CRII:SHF: Precise Formal Verification of General Relational Quantitative Properties with Mutable Arrays

$1.75M USD

Funder National Science Foundation (US)
Recipient Organization Monmouth University
Country United States
Start Date Feb 01, 2025
End Date Jan 31, 2027
Duration 729 days
Number of Grantees 1
Roles Principal Investigator
Data Source National Science Foundation (US)
Grant ID 2451348
Grant Description

Software systems often need to handle sensitive data securely, maintain user privacy, and operate efficiently. One way to ensure these qualities is by analyzing how a program behaves when it processes different inputs or runs in different situations. This type of analysis, called relational reasoning, helps uncover important properties like whether a program protects sensitive information or performs tasks consistently.

While tools exist for analyzing some programs, they often struggle to handle features like mutable arrays, which are widely used to store and manage data in practical applications. The project’s novelties are creating better tools to analyze programs that use arrays, making the process more precise and broadly applicable. By addressing key challenges in existing techniques, the research aims to bridge gaps in both theoretical understanding and practical implementation.

The project’s impacts are improving how we understand and verify programs, and helping create software that is more secure, private, and efficient. The project will provide training in formal verification research for undergraduate and graduate students. The results from the research will be incorporated into university courses taught by the lead investigator.

This project introduces a formal verification framework to enable precise and general reasoning about relational quantitative properties in programs with mutable arrays. To address the challenge of imprecision, the investigator will leverage fine-grained analysis techniques that capture the behavior of individual array elements rather than treating the entire array as a single unit.

This allows for more detailed and accurate verification results. To expand the scope of relational reasoning, the investigator will generalize existing techniques to support a broader range of relational quantitative properties involving mutable arrays, including those beyond current limitations.
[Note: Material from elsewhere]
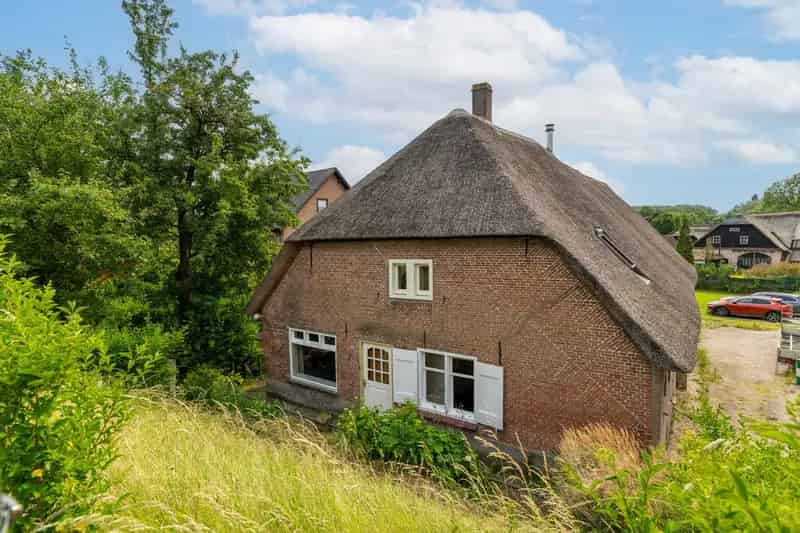 Landelijk Wonen: Gerenoveerde Woonboerderij nabij Maas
The research will integrate these advances into a unified framework, combining theoretical insights with practical tool development, and evaluate the system on real-world software.

This work is expected to significantly advance the field of relational quantitative reasoning by addressing critical gaps in precision and applicability, leading to better tools for ensuring software correctness and reliability.

This award reflects NSF's statutory mission and has been deemed worthy of support through evaluation using the Foundation's intellectual merit and broader impacts review criteria.